VowpalRegcbLearner

class coba.learners.VowpalRegcbLearner

RegCB exploration with a VW contextual bandit learner.

For more information on this algorithm see Foster et al. (2014) and here.

References

Foster, D., Agarwal, A., Dudik, M., Luo, H. & Schapire, R.. (2018). Practical Contextual Bandits with Regression Oracles.

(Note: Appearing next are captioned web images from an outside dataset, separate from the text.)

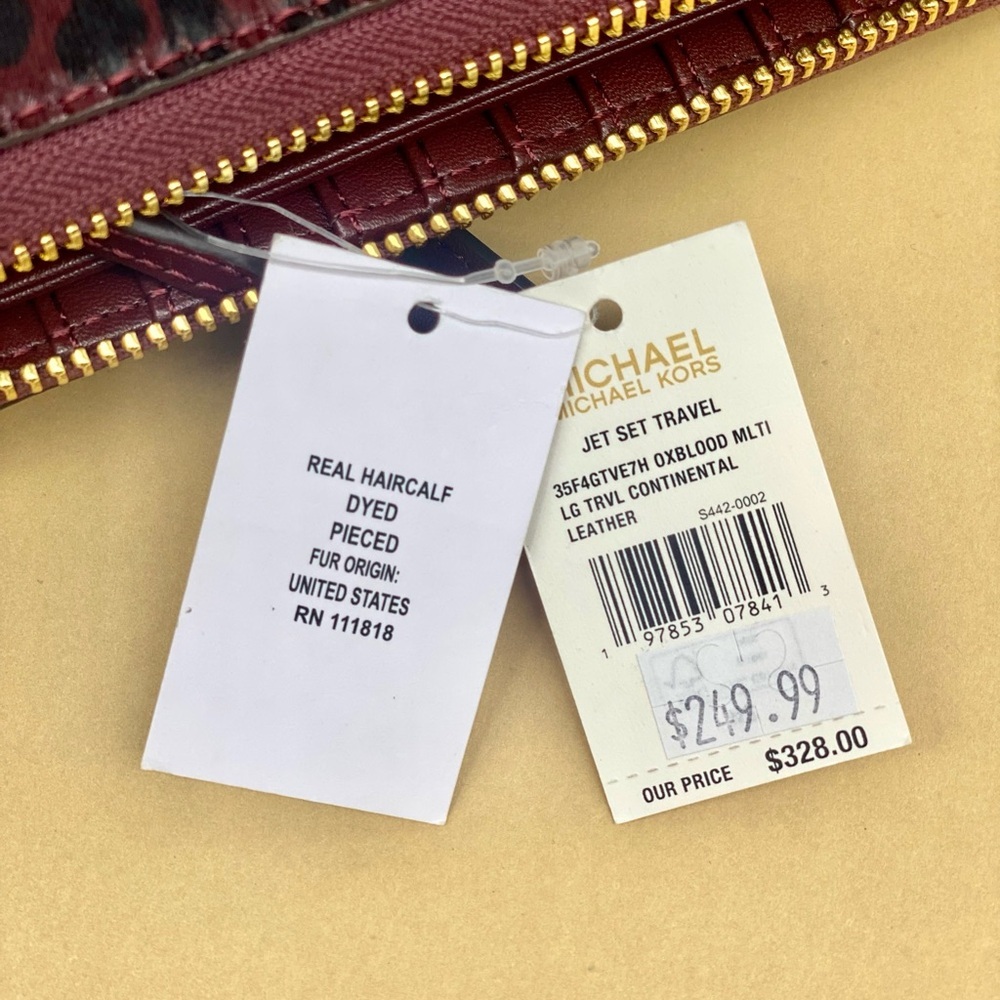 Michael Kors Leopard Print Large Continental Wallet - Picture 10 of 16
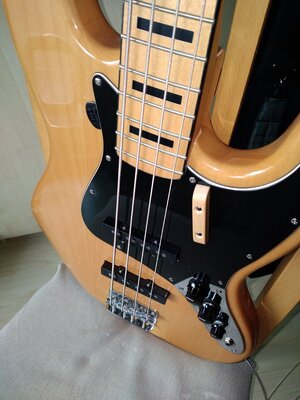 Fender Squier VM J-Bass´70s NAT MN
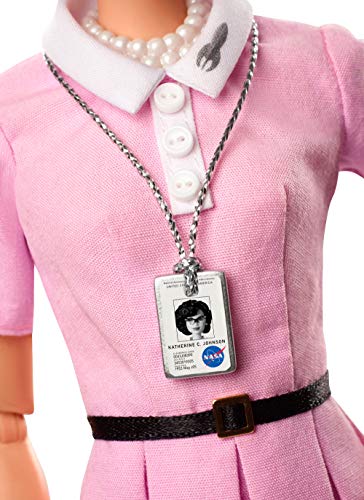 Barbie - Muñeca Katherine Johnson de Grandes Mujeres (Mattel FJH63)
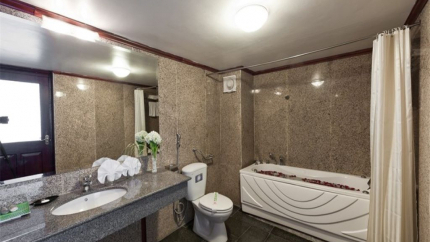 Phòng vệ sinh Grand Suite khách sạn Mường Thanh Thanh Niên Vinh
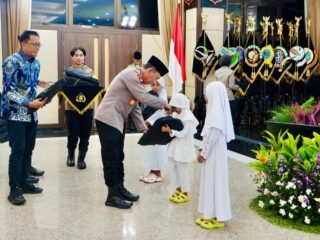 Bagikan Takjil dan Buka Puasa Bersama Bareng Insan Pers, Kapolri: Suara Media Suara Publik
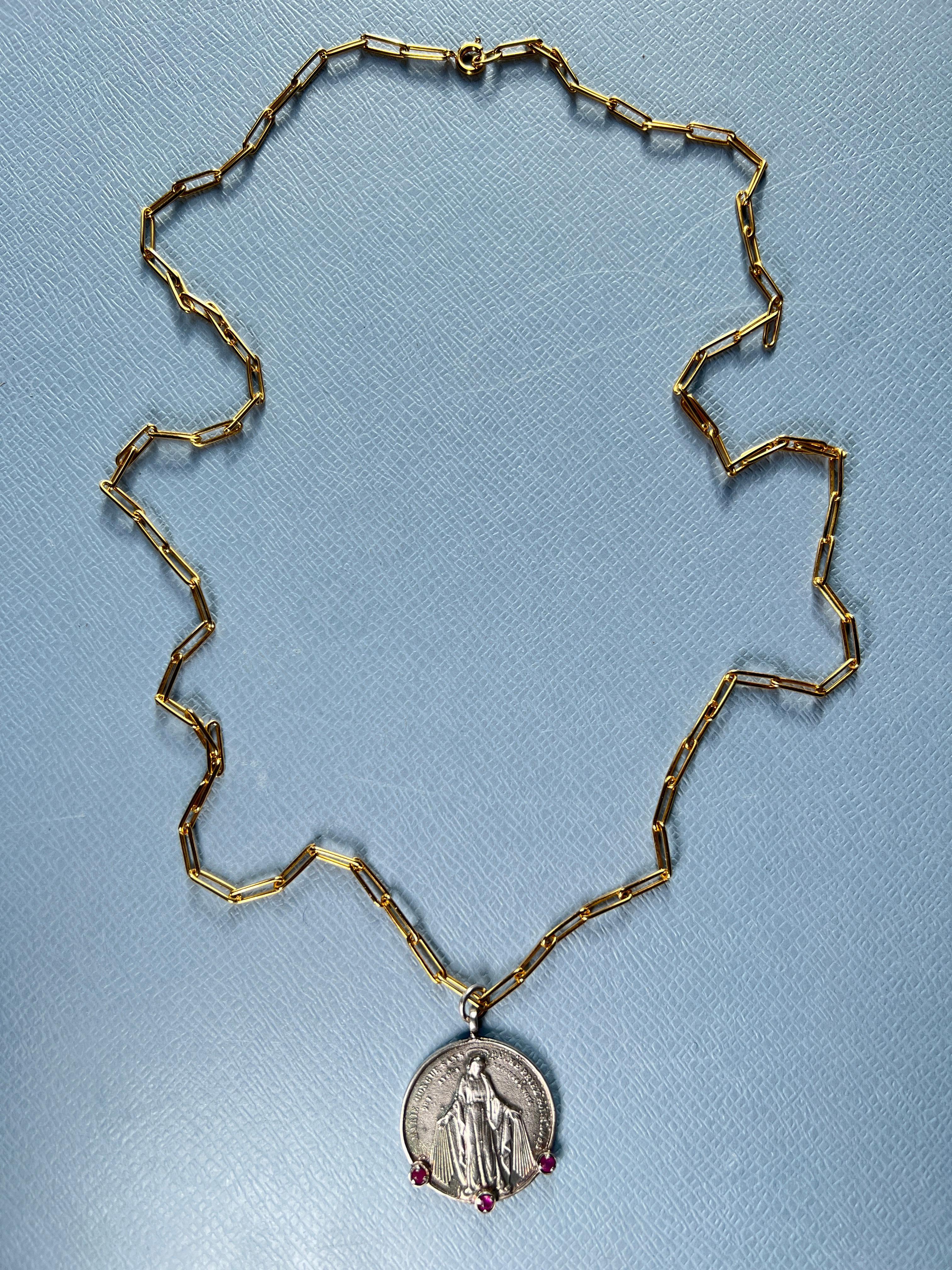 Women's or Men's Virgin Mary Medal Chain Necklace For Sale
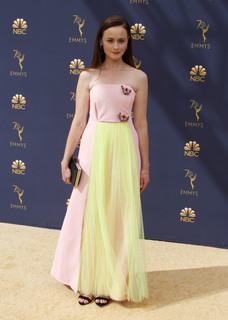Alexis Bledel feet photo thumbnail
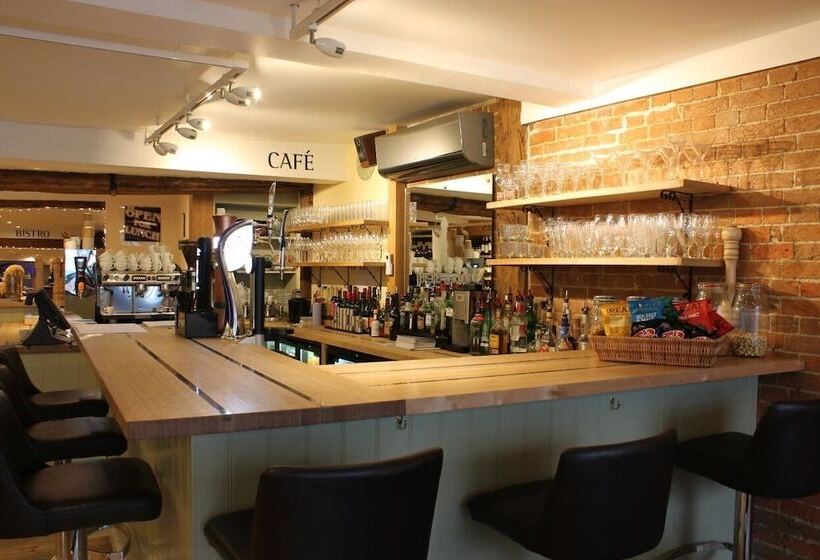 The Peppermill Town House Hotel & Restaurant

Proceedings of the 35th International Conference on Machine Learning, in Proceedings of Machine Learning Research 80:1539-1548.

Constructors

__init__(mode: Literal['optimistic', 'elimination'] = 'elimination', features: Sequence[str] = (1, 'a', 'ax', 'axx'), seed: int | None = 1, **kwargs) → None

Instantiate a VowpalRegcbLearner.

Parameters:

mode – Indicate that exploration should only predict the optimal upper bound action or should use an elimination technique to remove actions that no longer seem plausible and pick randomly from the remaining actions.
features – A list of namespaces and interactions to use when learning reward functions.
seed – The seed used by VW to generate any necessary random numbers.
kwargs – Additional key-word args are passed on as VW CLI arguments (unless removed in the function).

Methods

finish(): Finish all pending work (e.g., write buffers to disk).

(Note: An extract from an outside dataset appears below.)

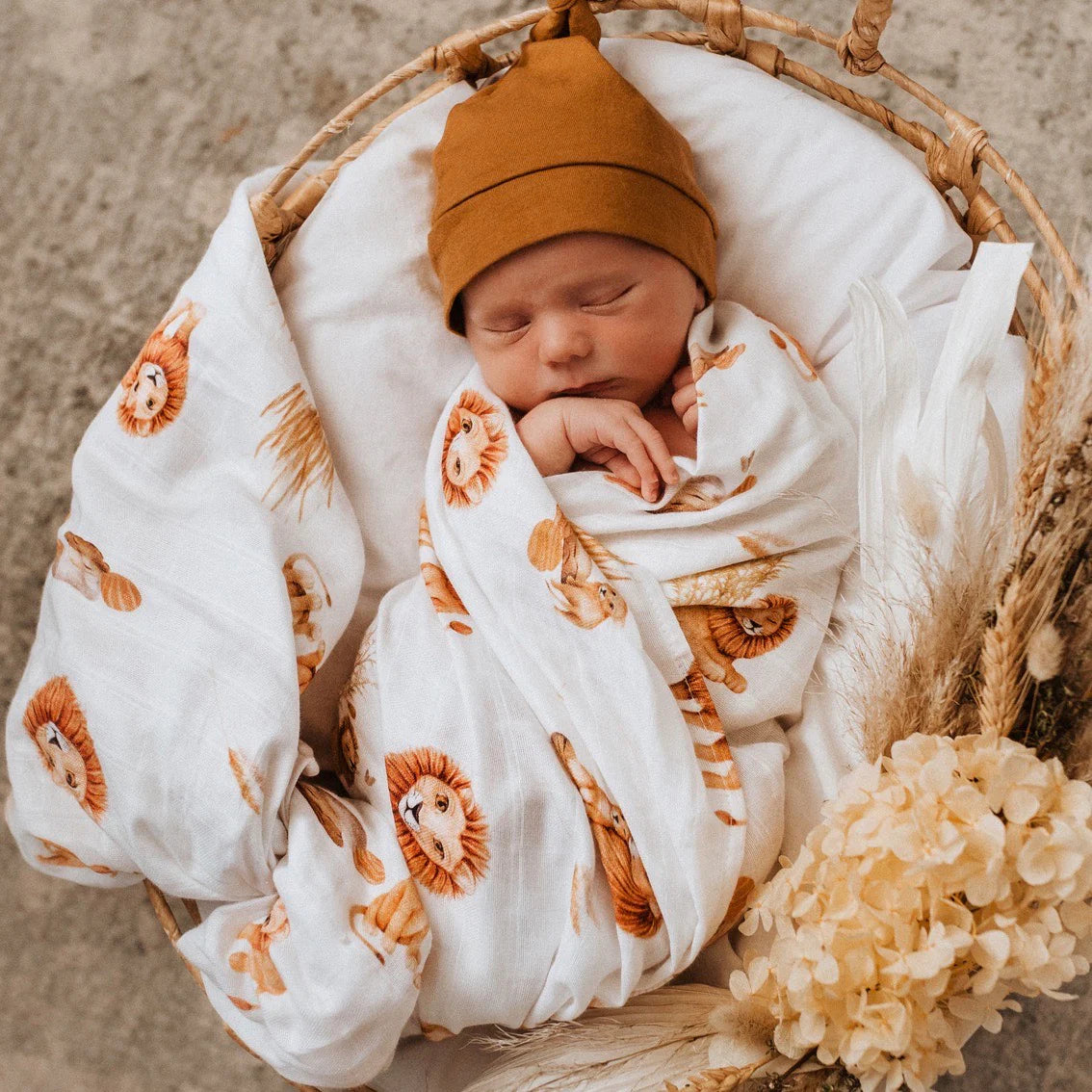 Organic Cotton Lion Muslin Wrap Spotty Dot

learn(context: Context, action: Action, reward: float, probability: float, actions: Actions | None = None) → None

Learn about the action taken in the context.

Parameters:

context – The context in which the action was taken.
action – The action that was taken.
reward – The reward for the given context and action (feedback for IGL problems).
probability – The probability the given action was taken.
**kwargs – Optional information returned during prediction.

predict(context: Context, actions: Actions) → Tuple[Action, Prob, Kwargs]

Predict which action to take in the context.

Parameters:

context – The current context. It will either be None (multi-armed bandit), a value (a single feature), a sequence of values (dense features), or a dictionary (sparse features).
actions – The current set of actions to choose from in the given context. Each action will either be a value (a single feature), a sequence of values (dense features), or a dictionary (sparse features).

Returns:

A Prediction. Several prediction formats are supported. See the type-hint for these.

score(context: Context, actions: Actions, action: Action) → Prob

Propensity score an action.

Parameters:

context – The current context.
actions – The current set of actions that can be chosen.
action – The action to propensity score.

Returns:

The propensity score of the given action. That is, P(action|context,actions).

Attributes

params